Respondent further contends that, assuming that the admission of the exhibit into evidence was error, it was not prejudicial error for the reason that, at the time of its admission, the court orally instructed the jury as to the limited purpose for which it was admitted, in the following language:
"I might state to the Jury Exhibit No. 6, which was admitted during your absence, is not offered or admitted or to be considered by you as proof going to the issue of whether or not the plaintiff, Barbara Lee Young, in fact, suffered from diphtheria during the month of April, 1953, nor is it admitted or offered as to the issue of the truth or falsity of the existence or non-existence of the symptoms or conditions detailed to the hospital staff by the child's mother, as contained in the document.
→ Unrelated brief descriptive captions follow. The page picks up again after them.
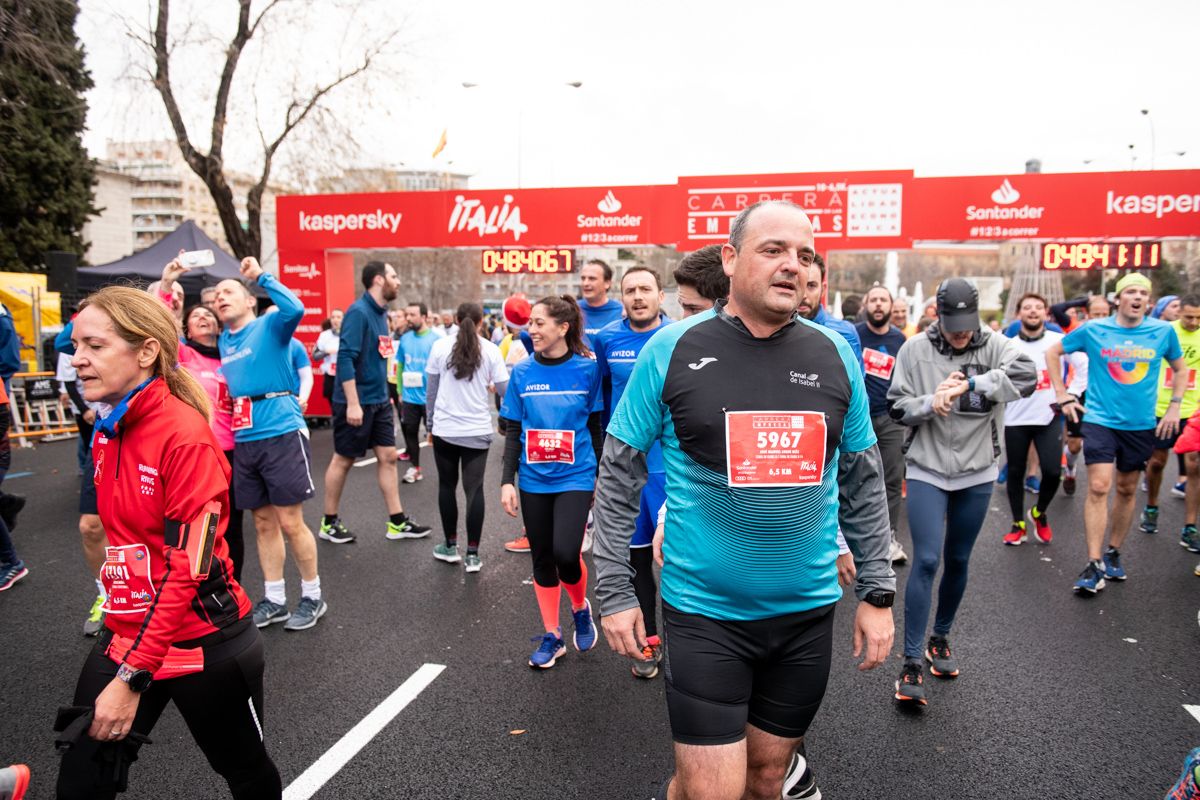 Carrera de las Empresas de Madrid 2019 | LLEGADA 6K (GALERÍA 15)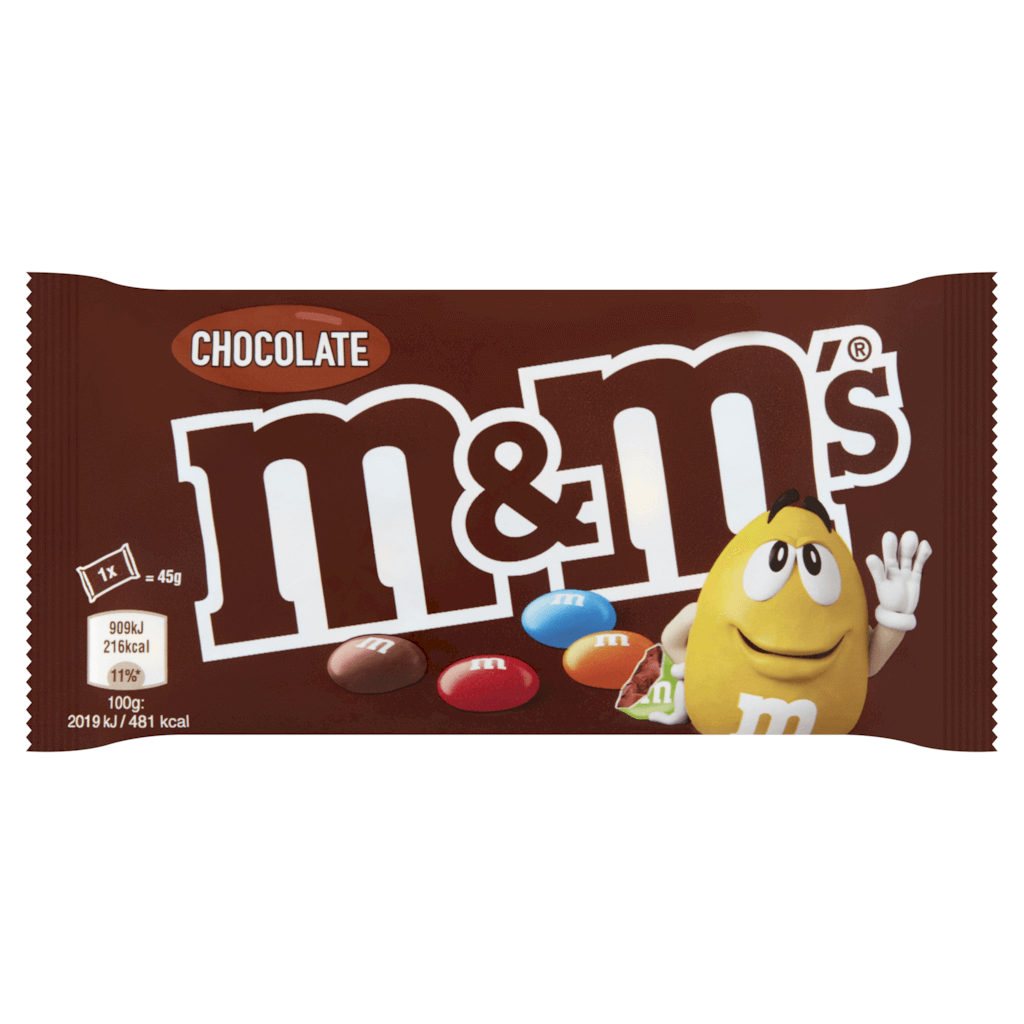 M&M's Choco single 45gr
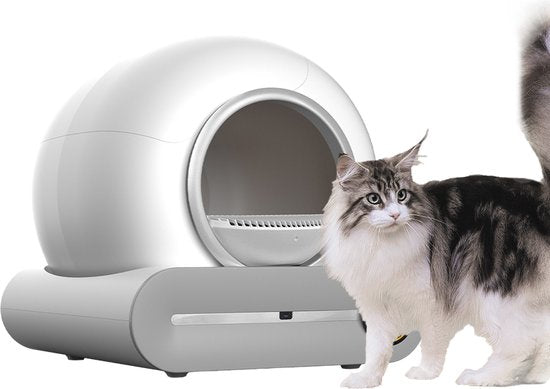 FAVR Pets - Automatische Kattenbak - FAVR Pets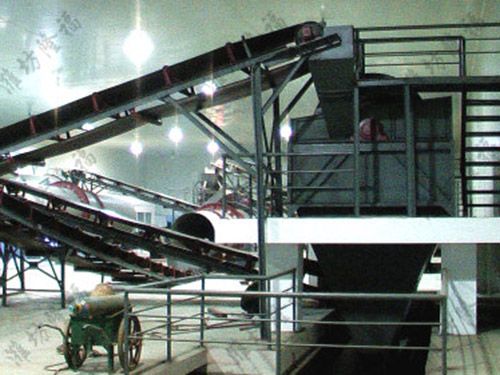 20萬噸腐殖酸(風化煤)顆粒有機肥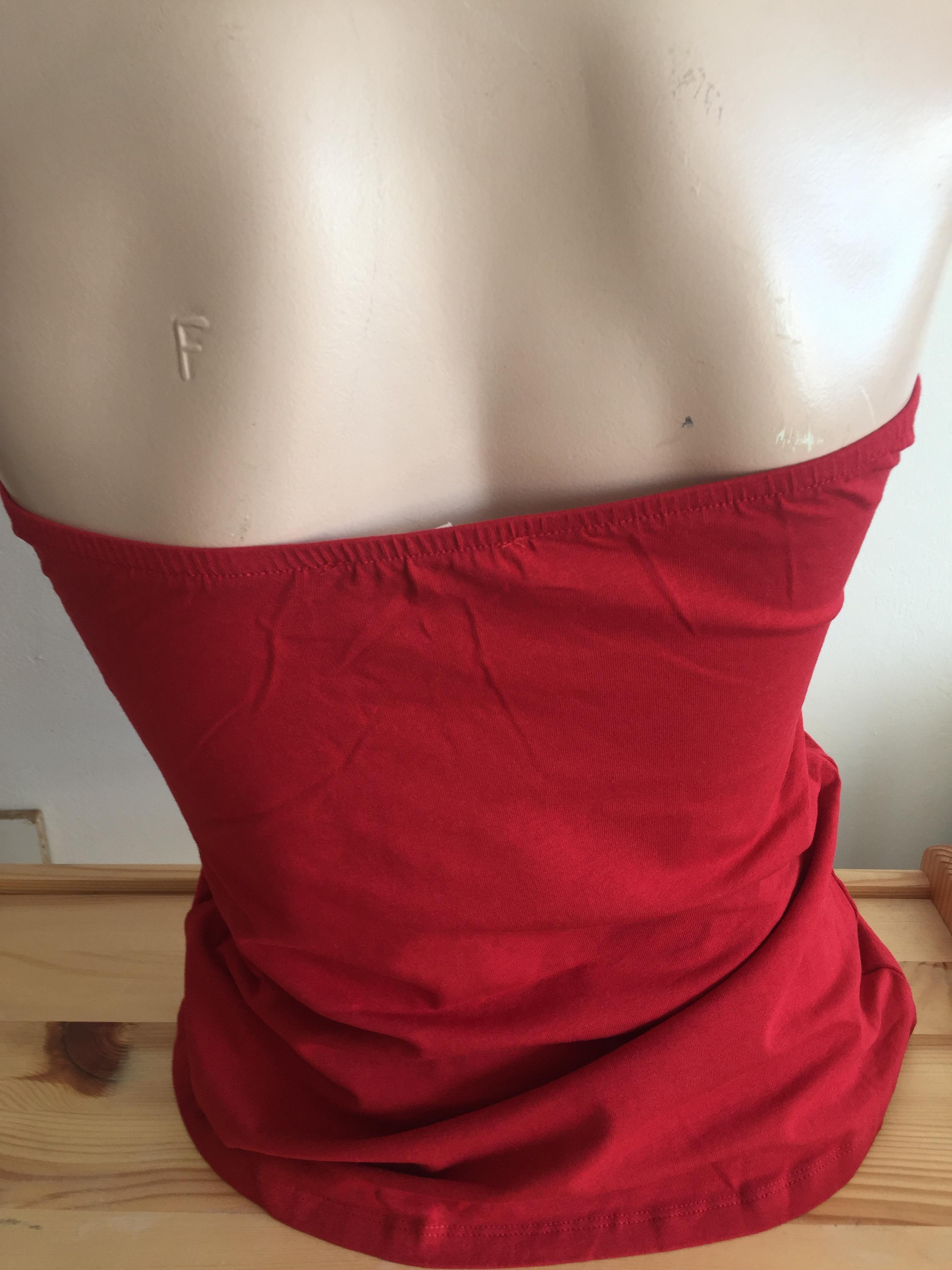 troc de troc bustier rouge image 1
The only purpose for which it is admitted and to be considered by you is evidence of the physical condition going to the plaintiff, Barbara Lee Young, as it existed on the date of the examination and such bearing as such may have on the causal relation between that condition and the disease of diphtheria, if you find under the evidence Barbara Lee Young suffered from diphtheria at the time in question, in April, 1953."
Immediately after the court so instructed the jury, counsel then read the entire exhibit to the jury, the objectionable portions of which have been heretofore quoted in this opinion.
Further, respondent contends that the error, if any, was cured by the court's instruction No. 13, which is as follows:
"With respect to Exhibit No. 6, you are instructed that such exhibit was not offered, nor admitted in evidence, nor to be considered by you as proof going to the issue of whether or not the minor plaintiff, Barbara Lee Young, in fact suffered from diphtheria during the month of April, 1953, nor as to the truth or falsity of the existence or non-existence of the symptoms or conditions related to the hospital staff by said minor's mother as contained in the document.
"The only purpose for which it was offered and admitted, and for which you may consider it, is as evidence bearing upon the issue of such plaintiff's physical condition as it existed at the time of the alleged examination, and for such bearing as it may have upon the issue of causal relation between that condition and the disease of diphtheria, if you find under the evidence such plaintiff was suffering from diphtheria in April, 1953."
 In its oral and written instructions, the court specifically instructed the jury that the exhibit could be considered "for such bearing as it may have upon the issue of causal relation between that condition and the disease of diphtheria." The jury was permitted to consider the opinion of the doctor, as shown in the exhibit, as evidence bearing "upon the issue of causal relation." The opinion of the doctor, as shown in exhibit No. 6, was not admissible to establish causal relationship, and to instruct the jury that it could be so used was prejudicial error.
We have considered the remaining assignments of error and find no merit in them.
The judgment is reversed, and the cause remanded with instructions to grant appellant's motion for a new trial.
SCHWELLENBACH, DONWORTH, and FOSTER, JJ., concur.
FINLEY, J., concurs in the result.
November 30, 1957. Petition for rehearing denied.